Sun Life Stadium was a finalist to host the 2017 championship game but lost out to Tampa’s Raymond James Stadium. But the stadium will host a national semifinal game in 2016.

That means the renovations — should the plan pass the Miami-Dade County Commission — could not be at a stage then that would interfere with the game.

A Dolphins spokesman said Friday that construction would take approximately three years, and it wouldn’t disrupt the schedule at the stadium.

If the Dolphins wait until after the coming NFL season to begin renovations, the work would likely be finished in time for the 2018 national championship game.

The team hopes to have the matter settled with the county by August, in time to bid on the 2019 Super Bowl.

The NFL has made it clear that it will not bring its championship game back to South Florida without major fixes to the facility.

But Hancock indicated Friday that the College Football Playoff has no such concerns.

“What happened to them in our bidding was, the two cities that got it [Glendale, Ariz., and Tampa] batted a thousand with their bids,” Hancock added. “Miami’s was a great bid but it just fell a little short of the other two.”

The 2018 title game still needs a home, with a decision likely coming next spring.
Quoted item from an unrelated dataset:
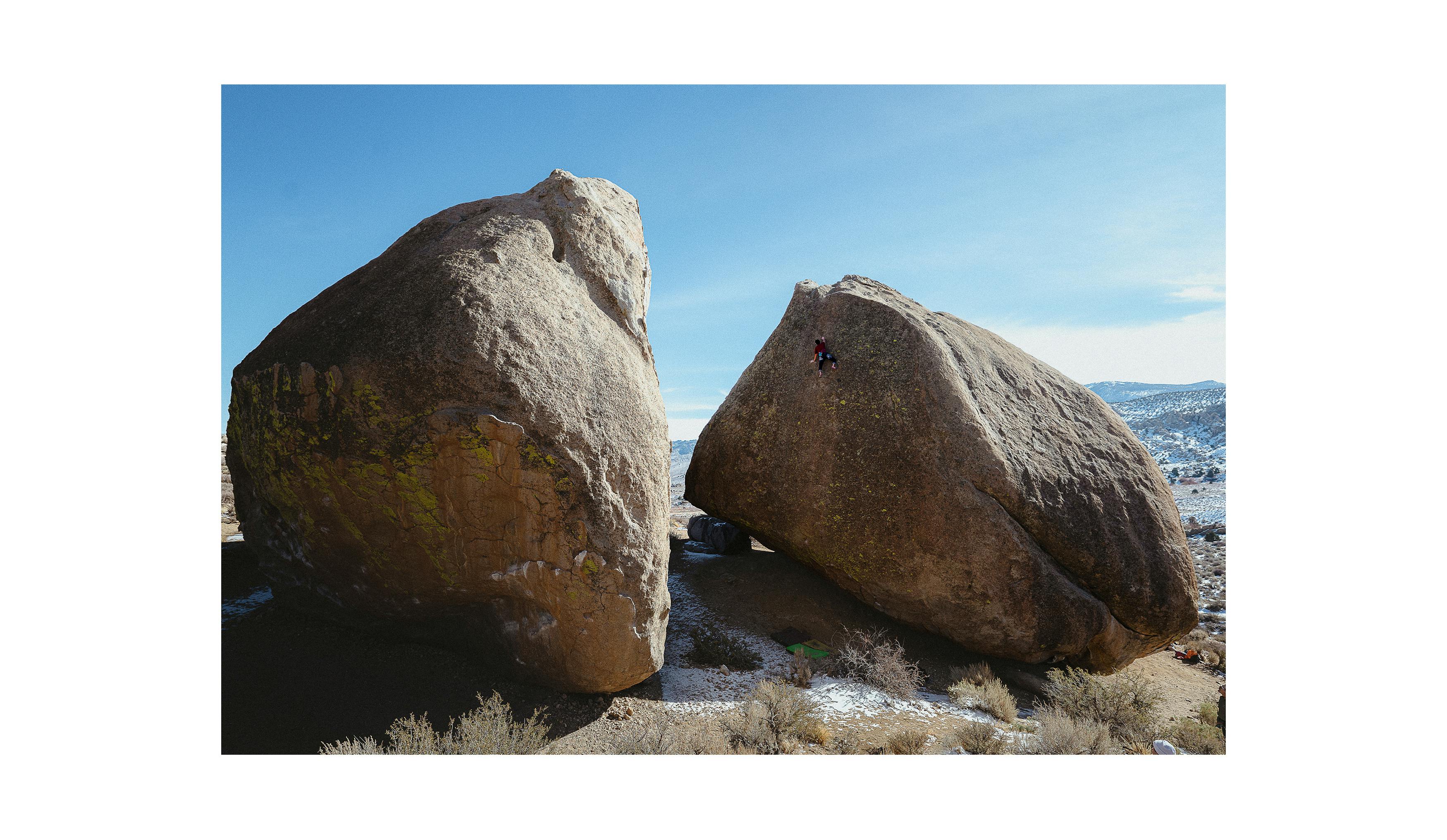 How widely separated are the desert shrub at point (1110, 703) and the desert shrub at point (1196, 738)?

Larry Wahl, a spokesman for the Orange Bowl, said that though nothing is definite, he “would imagine” that South Florida will again raise its hand for that game.

The Dolphins hope to have clarity on their stadium plan long before then.

“Anything you can do to improve your bid can’t hurt, as [Hancock] said,” Wahl said. “You certainly want to put your best foot forward in just about every phase.”